**Input records:**
----

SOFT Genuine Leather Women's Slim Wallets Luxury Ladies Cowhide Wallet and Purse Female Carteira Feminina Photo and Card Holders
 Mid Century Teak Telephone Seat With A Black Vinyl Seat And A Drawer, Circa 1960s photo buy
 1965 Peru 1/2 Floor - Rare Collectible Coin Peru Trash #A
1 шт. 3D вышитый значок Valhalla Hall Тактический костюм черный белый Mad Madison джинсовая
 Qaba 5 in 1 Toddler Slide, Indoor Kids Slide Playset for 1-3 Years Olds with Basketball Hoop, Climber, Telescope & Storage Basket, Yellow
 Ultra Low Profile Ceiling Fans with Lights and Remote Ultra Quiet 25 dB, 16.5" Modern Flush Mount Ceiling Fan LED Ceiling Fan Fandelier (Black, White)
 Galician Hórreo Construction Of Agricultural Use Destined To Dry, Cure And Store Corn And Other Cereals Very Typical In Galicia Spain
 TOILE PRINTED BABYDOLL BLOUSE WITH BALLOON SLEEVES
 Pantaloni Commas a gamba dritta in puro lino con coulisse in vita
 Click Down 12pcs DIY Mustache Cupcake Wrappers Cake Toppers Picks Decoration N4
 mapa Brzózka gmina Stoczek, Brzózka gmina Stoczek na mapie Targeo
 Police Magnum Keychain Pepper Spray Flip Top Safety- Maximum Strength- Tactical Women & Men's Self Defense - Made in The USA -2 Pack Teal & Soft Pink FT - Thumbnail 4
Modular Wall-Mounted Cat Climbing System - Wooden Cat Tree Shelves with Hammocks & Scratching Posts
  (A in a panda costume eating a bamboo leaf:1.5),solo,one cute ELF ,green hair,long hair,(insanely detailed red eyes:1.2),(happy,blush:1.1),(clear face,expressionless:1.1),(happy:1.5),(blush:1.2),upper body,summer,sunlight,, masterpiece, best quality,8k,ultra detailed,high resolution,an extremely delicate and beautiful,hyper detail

----

Repeat, exactly as they stand above, the lines from the line with "1 шт. 3D вышитый" to the line with "Modular Wall-Mounted Cat", both lines included.

**Finished exercise:**
1 шт. 3D вышитый значок Valhalla Hall Тактический костюм черный белый Mad Madison джинсовая
 Qaba 5 in 1 Toddler Slide, Indoor Kids Slide Playset for 1-3 Years Olds with Basketball Hoop, Climber, Telescope & Storage Basket, Yellow
 Ultra Low Profile Ceiling Fans with Lights and Remote Ultra Quiet 25 dB, 16.5" Modern Flush Mount Ceiling Fan LED Ceiling Fan Fandelier (Black, White)
 Galician Hórreo Construction Of Agricultural Use Destined To Dry, Cure And Store Corn And Other Cereals Very Typical In Galicia Spain
 TOILE PRINTED BABYDOLL BLOUSE WITH BALLOON SLEEVES
 Pantaloni Commas a gamba dritta in puro lino con coulisse in vita
 Click Down 12pcs DIY Mustache Cupcake Wrappers Cake Toppers Picks Decoration N4
 mapa Brzózka gmina Stoczek, Brzózka gmina Stoczek na mapie Targeo
 Police Magnum Keychain Pepper Spray Flip Top Safety- Maximum Strength- Tactical Women & Men's Self Defense - Made in The USA -2 Pack Teal & Soft Pink FT - Thumbnail 4
Modular Wall-Mounted Cat Climbing System - Wooden Cat Tree Shelves with Hammocks & Scratching Posts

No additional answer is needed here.